The Heller and McDonald decisions ripped the baby from it mother for no other purpose than political ends.
The source from which the Supreme Court derives its power,
Justice William O. Douglas, who was on the court when Miller was decided, did a gloss of this Second Amendment jurisprudence:
The leading case is United States v. Miller, 307 U.S. 174, upholding a federal law making criminal the shipment in interstate commerce of a sawed-off shotgun. The law was upheld, there being no evidence that a sawed-off shotgun had “some reasonable relationship to the preservation or efficiency of a well regulated militia.” Id., at 178. The Second Amendment, it was held, “must be interpreted and applied” with the view of maintaining a “militia.”

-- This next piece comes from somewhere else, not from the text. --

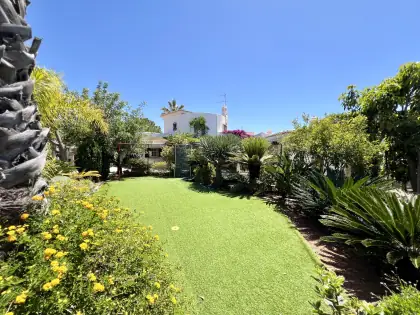 Villa T4 com piscina privada em Alvor · 131 m² — foto 1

“The Militia which the States were expected to maintain and train is set in contrast with Troops which they were forbidden to keep without the consent of Congress. The sentiment of the time strongly disfavored standing armies; the common view was that adequate defense of country and laws could be secured through the Militia – civilians primarily, soldiers on occasion.” Id., at 178-179.
Like most rights, the right secured by the Second Amendment is not unlimited. From Blackstone through the 19th-century cases, commentators and courts routinely explained that the right was not a right to keep and carry any weapon whatsoever in any manner whatsoever and for whatever purpose. See, e.g., Sheldon, in 5 Blume 346; Rawle 123; Pomeroy 152–153; Abbott 333. For example, the majority of the 19th-century courts to consider the question held that prohibitions on carrying concealed weapons were lawful under the Second Amendment or state analogues. See, e.g., State v. Chandler, 5 La. Ann., at 489–490; Nunn v. State, 1 Ga., at 251; see generally 2 Kent *340, n. 2; The American Students’ Blackstone 84, n. 11 (G. Chase ed. 1884). Although we do not undertake an exhaustive historical analysis today of the full scope of the Second Amendment, nothing in our opinion should be taken to cast doubt on longstanding prohibitions on the possession of firearms by felons and the mentally ill, or laws forbidding the carrying of firearms in sensitive places such as schools and government buildings, or laws imposing conditions and qualifications on the commercial sale of arms. Heller at 54-5
Which has as a footnote (26):
We identify these presumptively lawful regulatory measures only as examples; our list does not purport to be exhaustive.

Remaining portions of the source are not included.